Risas en el público. Continúan hablando sobre cómo se puede escribir en la lengua del enemigo. Del enemigo de clase, por supuesto. Yo querría preguntar si el mero hecho de escribir no es ya una forma de participar de manera celebratoria en la cultura de una clase social, pero me contengo, porque ya he agotado mi cupo semanal de ridículo. Y estamos a martes. Louis dice que también la lengua de la infancia fue para él la lengua del enemigo, y que en determinado momento la lengua de la burguesía lo liberó, descubriéndole que no era un maricón, un sarasa y un lolailo, sino un homosexual —que es, se entiende, otra cosa más compleja y estimable, con su historia y con sus héroes—. Por ello, Louis asume con una alegría extraña, pero razonada, lo que otros llamarían alta cultura, o cultura de élite:
—Intenté sacar de la indigencia intelectual a mis hermanos pequeños, los llevaba a ver películas de Godard, y cosas así, y la reacción fue hostil y contraproductiva. Es una pena, porque a fin de cuentas, si te gusta Godard también te puede gustar Rihanna, pero si te gusta Rihanna no te puede gustar Godard.
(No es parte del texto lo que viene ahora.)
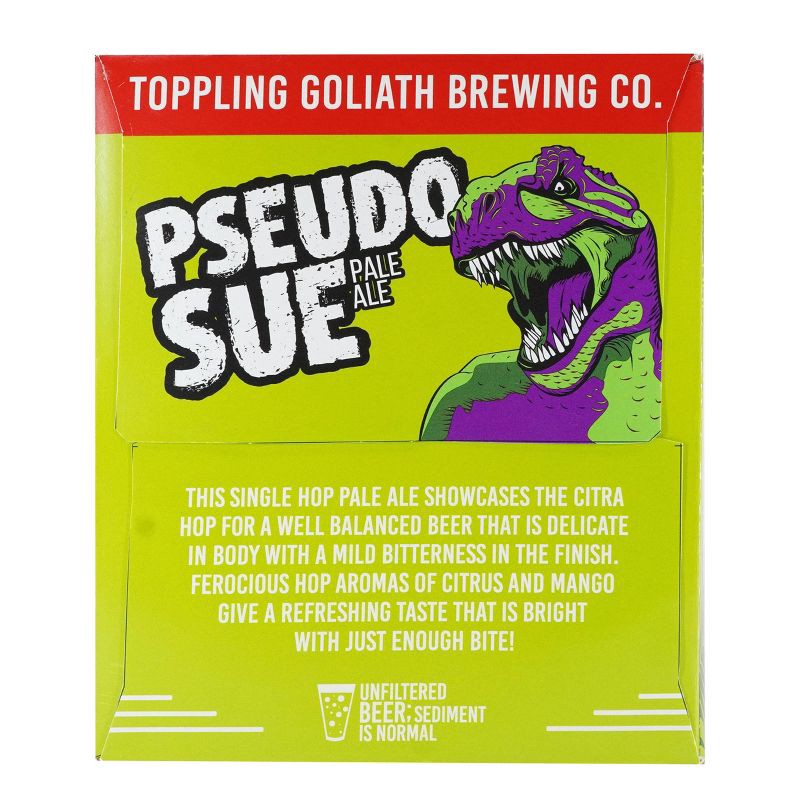 slide 3 of 6, Toppling Goliath Pseudosue Pale Ale Beer - 4pk/16 fl oz Cans, 4 ct; 16 fl oz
Hombre, yo creo que si te gusta Rihanna te puede gustar cualquier cosa, incluido Godard, pero aquí me tengo que limitar a transcribir lo que se dijo. Además, con la mercadotecnia y la postproducción actuales se podría conseguir fácilmente que Godard tuviera la voz y el palmito de Rihanna, lo que simplificaría mucho la sociología de los bienes culturales. El jovencísimo novelista concluye:
—Mis hermanos no tenían la voluntad de ir a ninguna parte. Lo que deberíamos plantearnos es cómo crear las condiciones de emergencia de una voluntad de salir de la clase baja.
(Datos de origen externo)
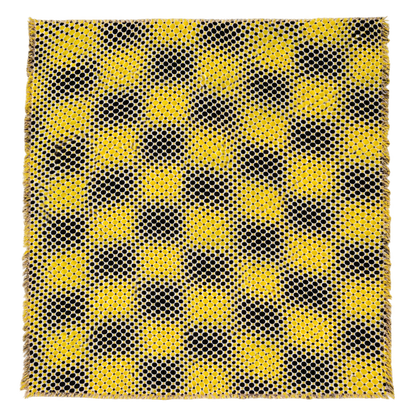 silk yellow halftones scarf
Alguien en el público pregunta por qué sólo hablan de la cultura popular en términos negativos.
—Cuando hablo de «salir» de la clase baja —responde Louis—, de «sacar» a mis hermanos, me refiero a salir o sacarlos de la precariedad, de la homofobia, de la violencia, de una esperanza de vida veinte años más baja que la del resto de la población.
—Claro —añade Eribon—, es que si uno construye la cultura popular como un objeto de estudio etnológico, un poco a la manera de Hoggart, parece estupenda, pero en la vida real no siempre es tan fantástica, sobre todo desde que hace unas décadas desapareció la cultura sindical (que, por otra parte, tampoco era toda la cultura proletaria). El caso es que Édouard y yo hemos recibido centenares, millares de e-mails y de mensajes de gente que nos dice «gracias a usted ahora comprendo algo».
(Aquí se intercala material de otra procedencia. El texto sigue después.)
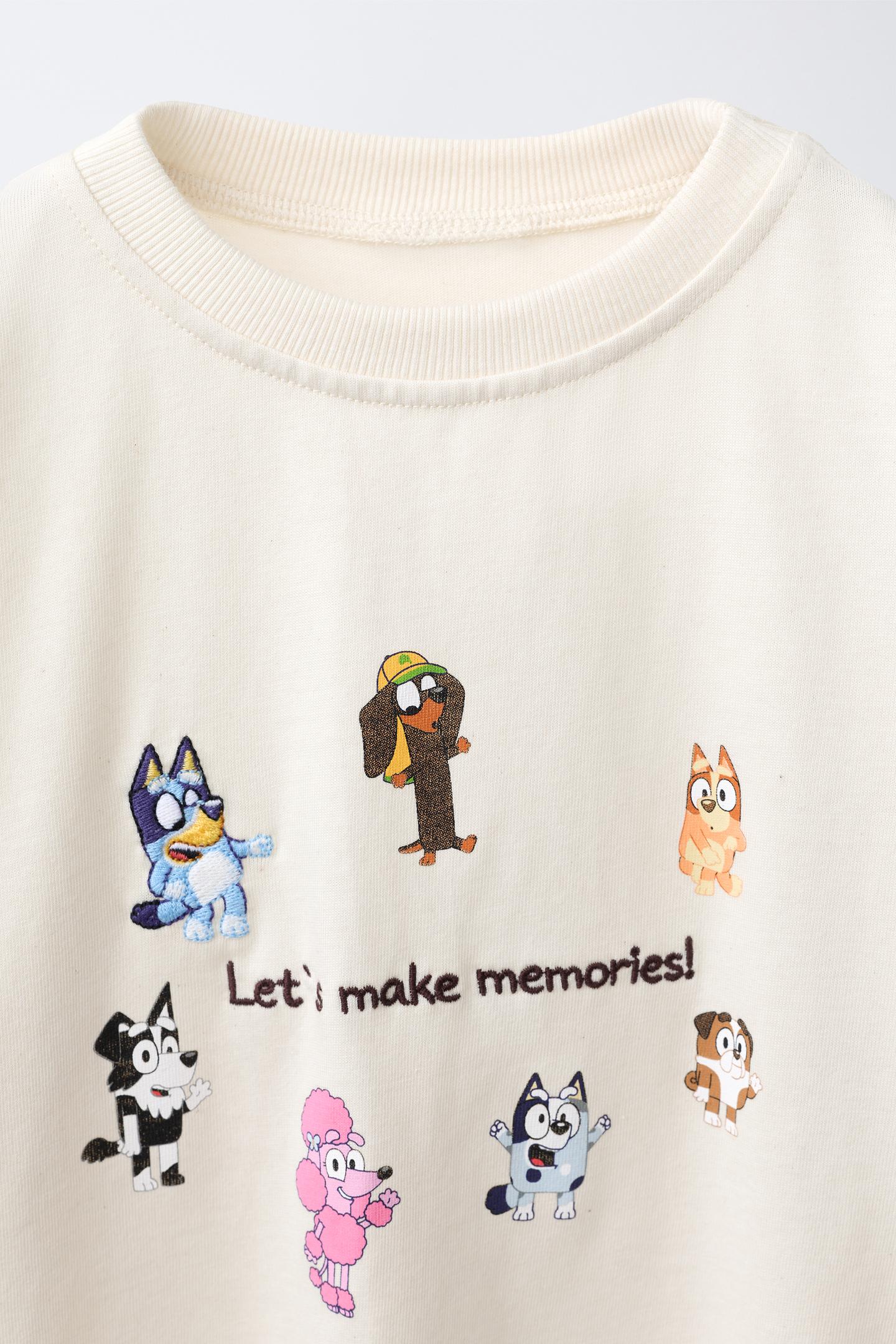 Детская футболка Zara Bluey © Ludo Studio Print, цвет: Экрю — фото 3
Louis abre la cuarta botella de agua mientras lo confirma:
—Antes yo era militante del PC, y me siento más útil ahora respondiendo e-mails.
Una estudiante pregunta quiénes son esas personas que les escriben, y la respuesta de Louis es bastante chusca:
—La verdad es que a veces te escribe una cincuentona heterosexual del 7º arrondissement diciendo que se identifica perfectamente con tu protagonista... ¡que es un adolescente homosexual de los suburbios! Son cosas que no se entienden, pero así y todo se ve que el libro les da un marco en el que interpretar sus vidas.
Escribo esto al día siguiente, esperando que me traigan el calabacín a la parrilla que he pedido en Le Pain Quotidien. En esto, surge a mi lado una sombra siniestra:
—¿Es posible que usted sea el Señor Ceballos? ¡No lo recordaba tan joven!
¡Cielos, es Roger D. en carne y hueso! Sobre todo en hueso. Ya le han reparado el coche y puede bajar con comodidad al centro. «Qué alegría», digo, sin demasiado énfasis. Ah, no tanta, no tanta: Roger está algo fastidiado porque no consigue dar con algunos de sus viejos colegas.
—¿No ha visto al señor Klinkenberg? No hago más que llamarlo al fijo, pero aparentemente nunca está en su casa. Le pedí al señor Dubois su número de celular, pero no me lo quiso dar, ignoro el motivo. ¿No lo tendrá usted, casualmente?
Pues no lo tengo, no, pero hace un cuarto de hora he visto a Klinkenberg salir corriendo de la facultad, y casi empiezo a figurarme de qué huía. Mientras tanto, ya han traído mi calabacín; Roger ha tomado asiento al otro lado de la mesa y vuelve a construir castillos en el aire con los cuatro libros de su biblioteca.